**Goal:**
* Rack and provision new Dumps servers
* Migrate one customer use case to them (NFS to VPS & Toolforge?)
**Initial reading**
* Planning task and brainstorm - https://phabricator.wikimedia.org/T118154#3133894
* Hardware specs for labstore1006/7 - https://phabricator.wikimedia.org/T161311
* Rack/setup/install task for labstore1006/7 - https://phabricator.wikimedia.org/T167984
**Current status summary: (some of this text is borrowed from the phab tasks listed above)**
* Dataset1001 is the canonical dump storage server, and handles all the client usecases. Snapshot* hosts handle actual dumps production.
* Dataset1001 and the snapshot* hosts share data between each other through nfs mounts.
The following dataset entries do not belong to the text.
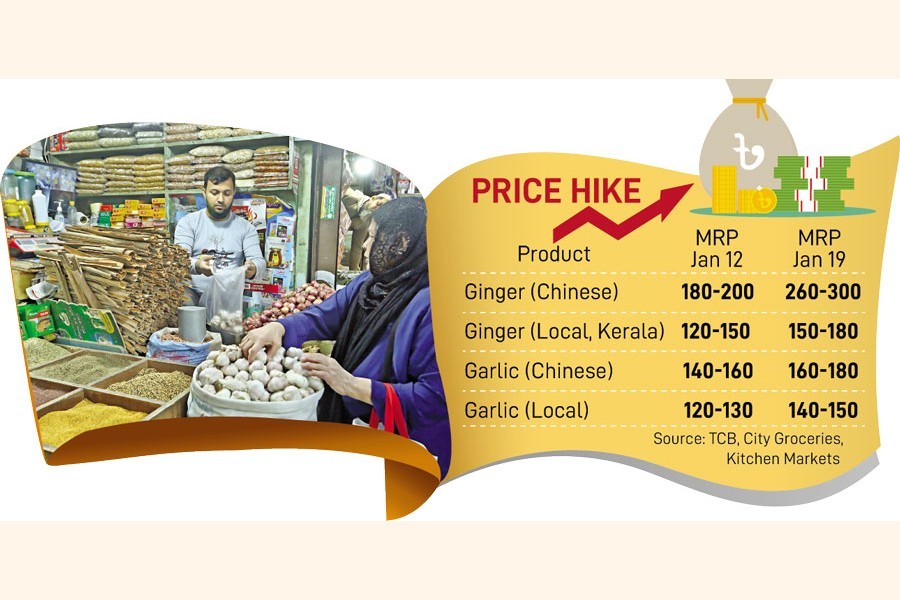 Weekly Kitchen Market: Ginger price jumps to Tk 300 per kg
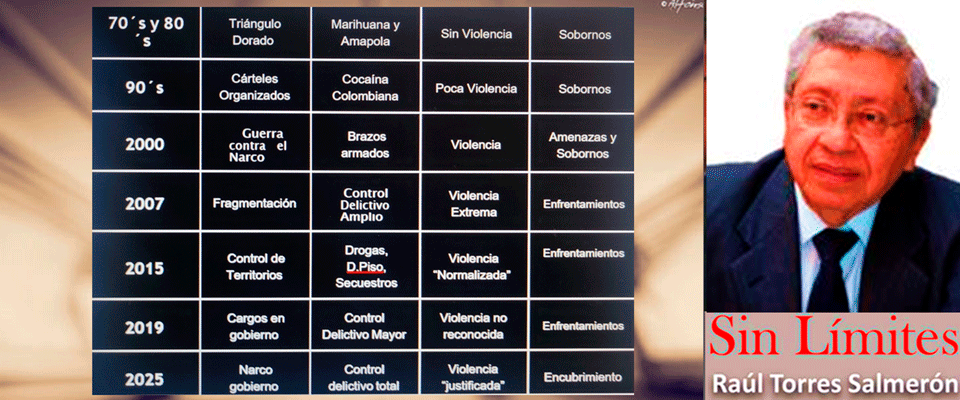 Extorsión, secuestro, robo y hackeo, delitos de 2025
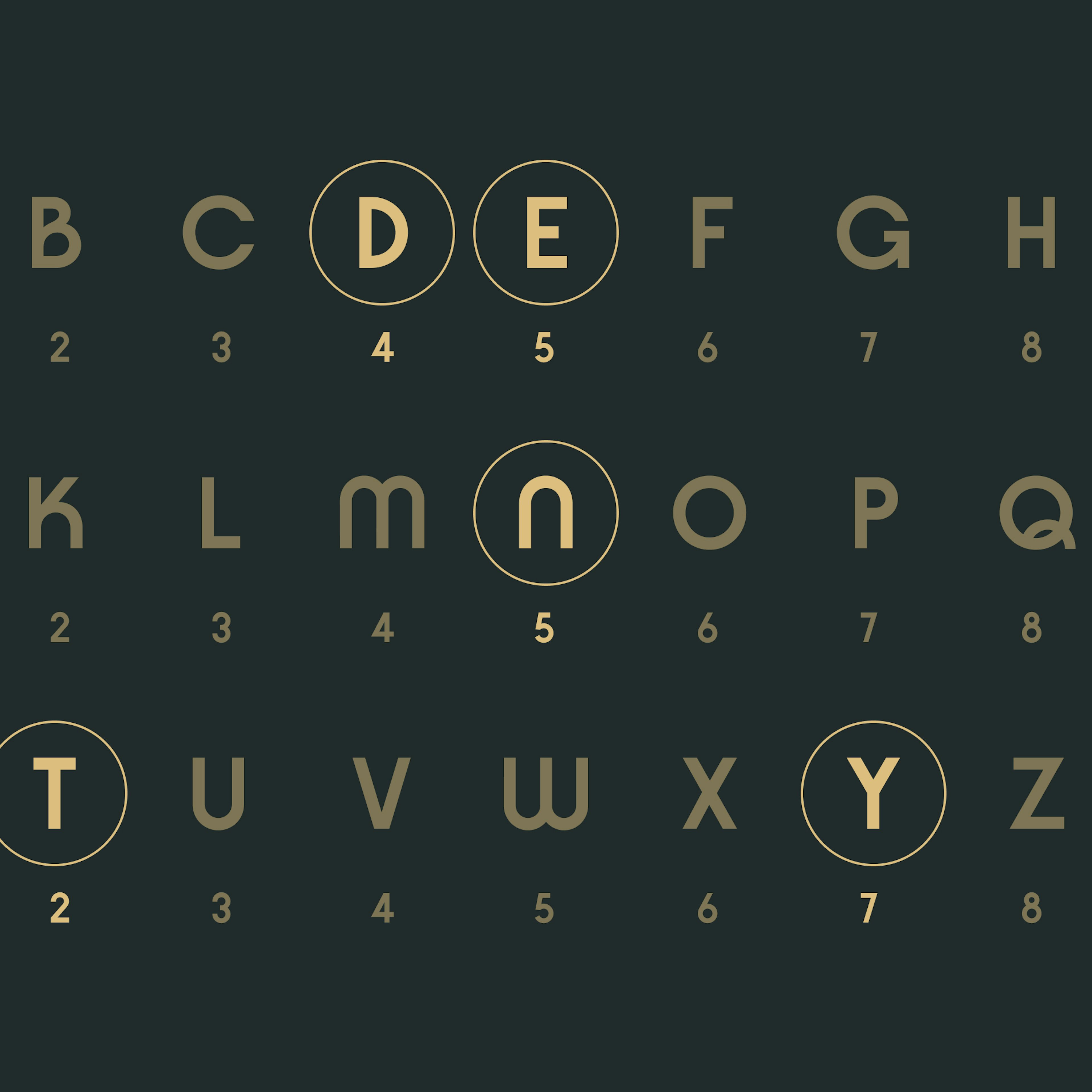 Destiny Number Numerology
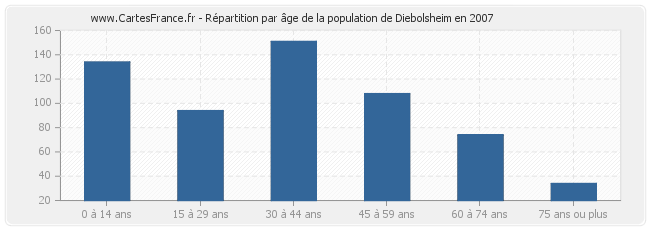 Répartition par âge de la population de Diebolsheim en 2007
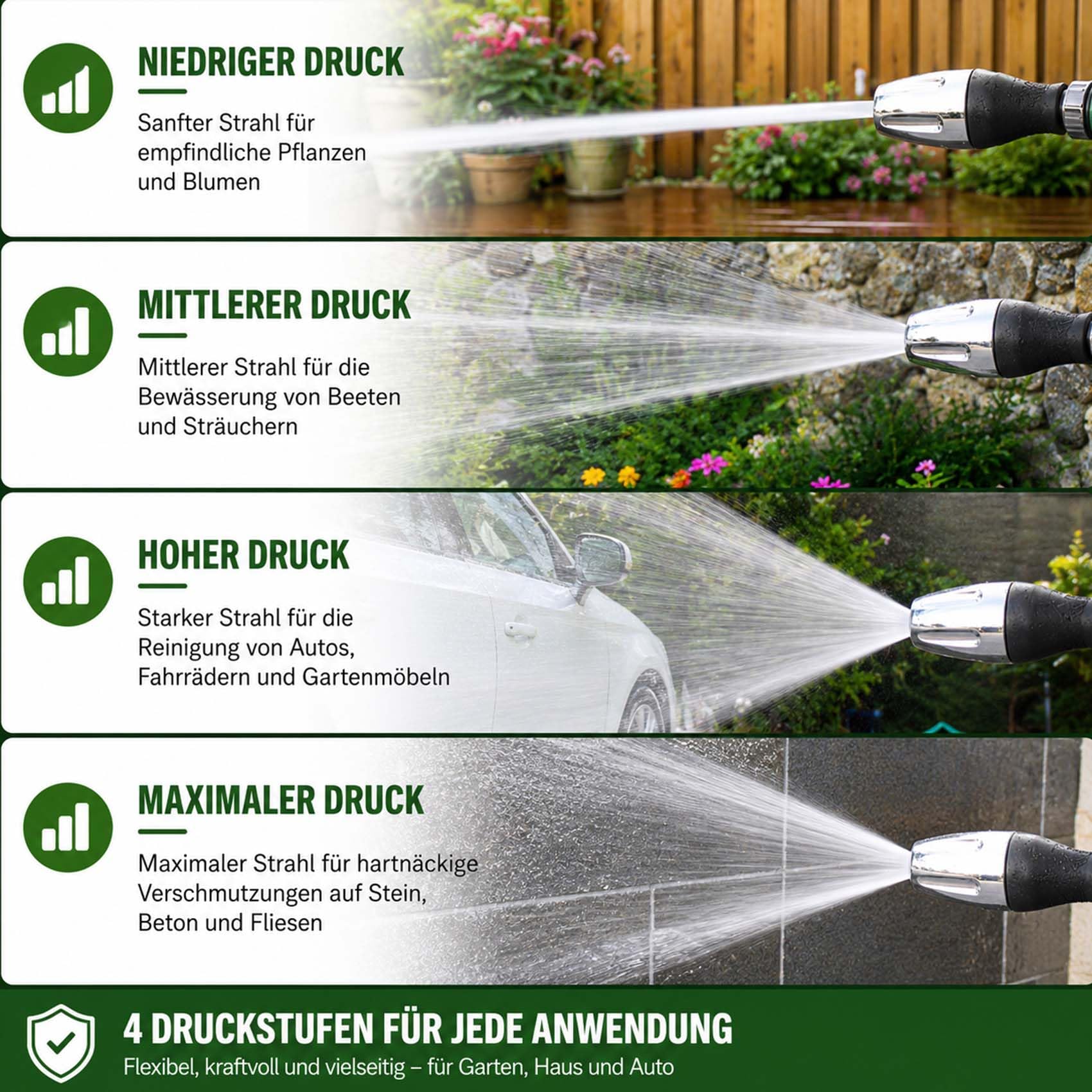 Jetteryx Hochdruckpistole, Jetterix Druckdüse für Gartenschlauch, Robuste Metall-Sprühdüse für Auto, Terrasse und Garten, Einstellbarer Wasserstrahl, Kraftvoll, Chemiefrei & Stromlos (Metall *A)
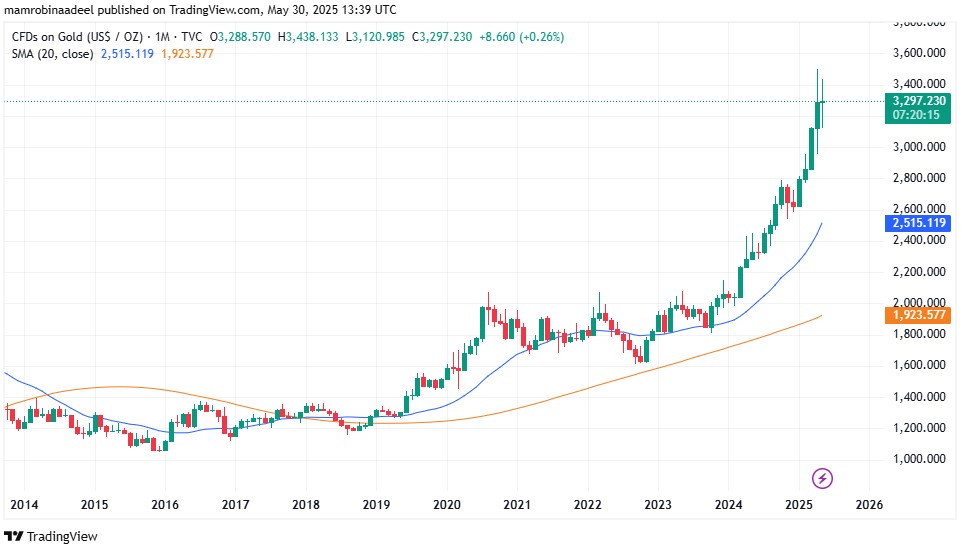 Gold Price as on 30th May 2025 after US PCE Price Index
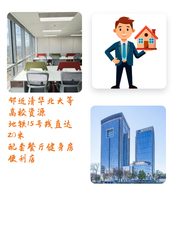 方正格局 450㎡ 层高3.2米 得房率高 海淀五道口 - 缩略图 1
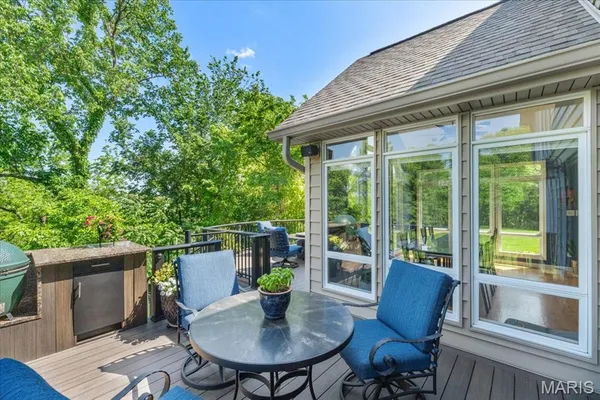 $1,425,000 | 202 Fick Farm Road, Chesterfield, MO 63005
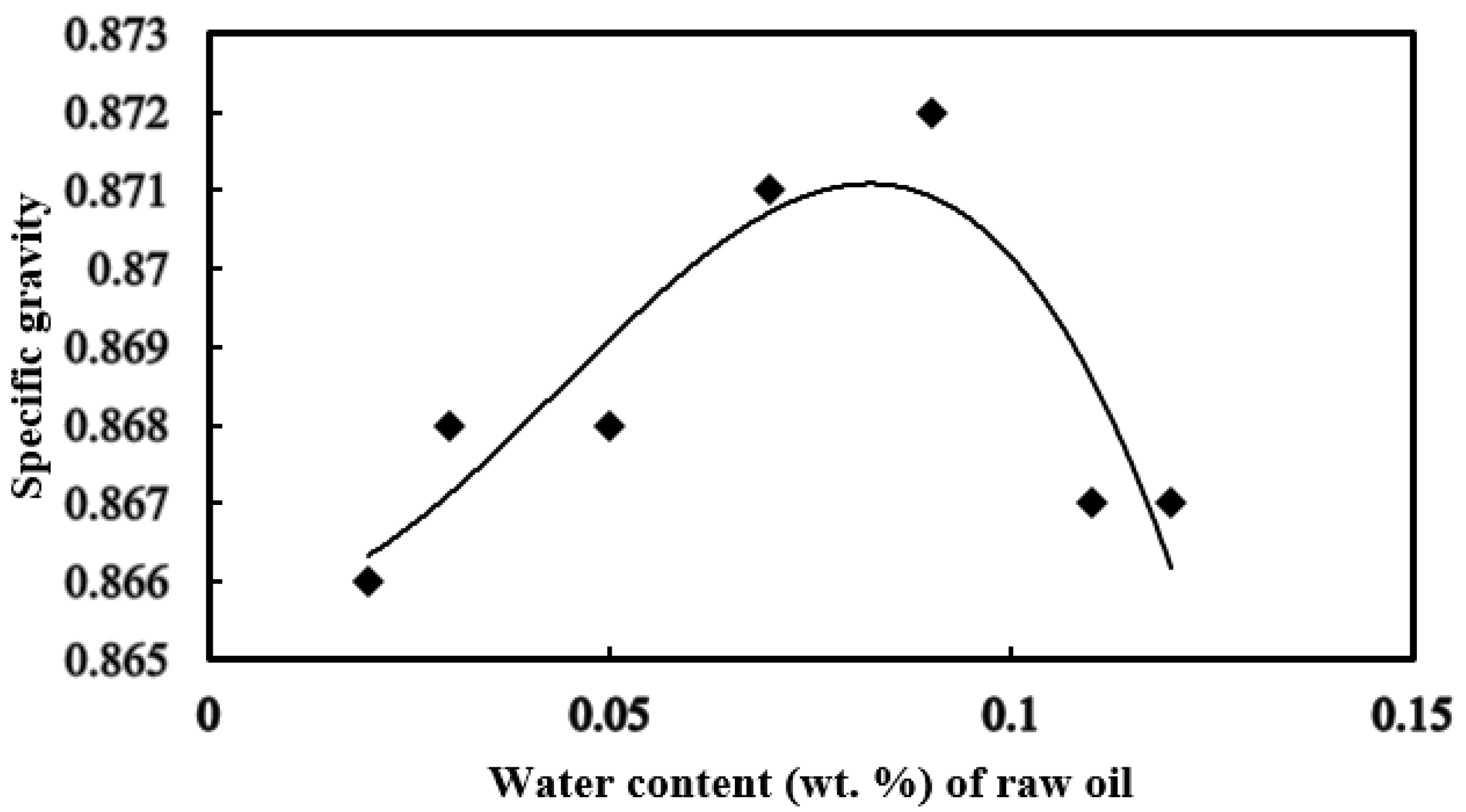 Processes 08 01130 g004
* There are 4 different client use cases
** NFS mounts for Cloud VPS projects
*** Dataset1001 has mounted an NFS share from labstore1003 and copies the relevant files to that for Labs consumption
** NFS mounts for stat boxes for wikistats data generation
*** Analytics mounts directly a share on dataset1001 for consumption
** Web service for public download access to dumps
*** Uses copy on dataset1001 directly
** Rsync mirrors
*** Use copy on dataset1001 directly
* Dataset1001 is currently in the public vlan, and uses about 50T of storage
* ms1001 is the backup server for dataset1001
* labstore1003 is a SPOF
**Where we're going (focusing a bit more on the Cloud Services team's work for upcoming quarters)**
* Separate the dumps generation layer from the dumps serving layer
* Have one cluster (internal vlan) - Dumpsdata* and Snapshot* - that handles all the generation, one cluster (public vlan) - Labstore1006 and 1007 - that handles all the client serving use cases (Analytics, VPS, Web, Rsync mirrors)
* Labstore1006 and 7 each have 72TB (36TB in internal drives, and 36TB in external shelves) storage available post RAID 10
* Labstore1006 and 7 will get their data through a periodic rsync from the canonical dumps server (dataset/dumpsdata)
* Labstore1006 and 7 will be set up completely independently, with copies of data from pristine source, and the client use cases will be sharded between them
* We are hoping to put Analytics NFS mounts and VPS NFS mounts usecases in one server, and web and rsync mirrors on the other
* Labstore1006 and 7 should have the capability to failover client services between each other (as in provide all client use cases from a single server during maint. if necessary)
**Rough Task breakdown for the Q1 goal**
[] Finish rack/setup/install for labstore1006/7 - T167984
[] Puppetize and setup initial lvms and directory structures
[] Setup periodic rsync jobs from dataset1001/dumpsdata1001/2(?) to labstore1006 and 1007
[] Setup NFS kernel server to serve dumps to VPS instances
** Investigate alternatives for showmount check at instance boot time, so we can only open up port 2049 TCP from labstore1006/7
** Figure out how NFS failovers will work (cluster IP failover will not work in the absence of matching underlying drbd volumes)
[] Test mounting the shares on instances
[] Test mounting the shares on stat boxes
[] Investigate and setup the web service component that serves dumps to users
[] Investigate the rsync mirrors setup
[] Migrate dumps labstore1003 to labstore1006/7 (this step will need more breaking down eventually)
[] Migrate the stat* mount from dataset1001 to labstore1006/7 (coordinate with Analytics)
**Open questions**
* How are the rsync mirrors setup?
* What are the QoS mechanisms for web and rsync mirrors?
* How are outages currently handled?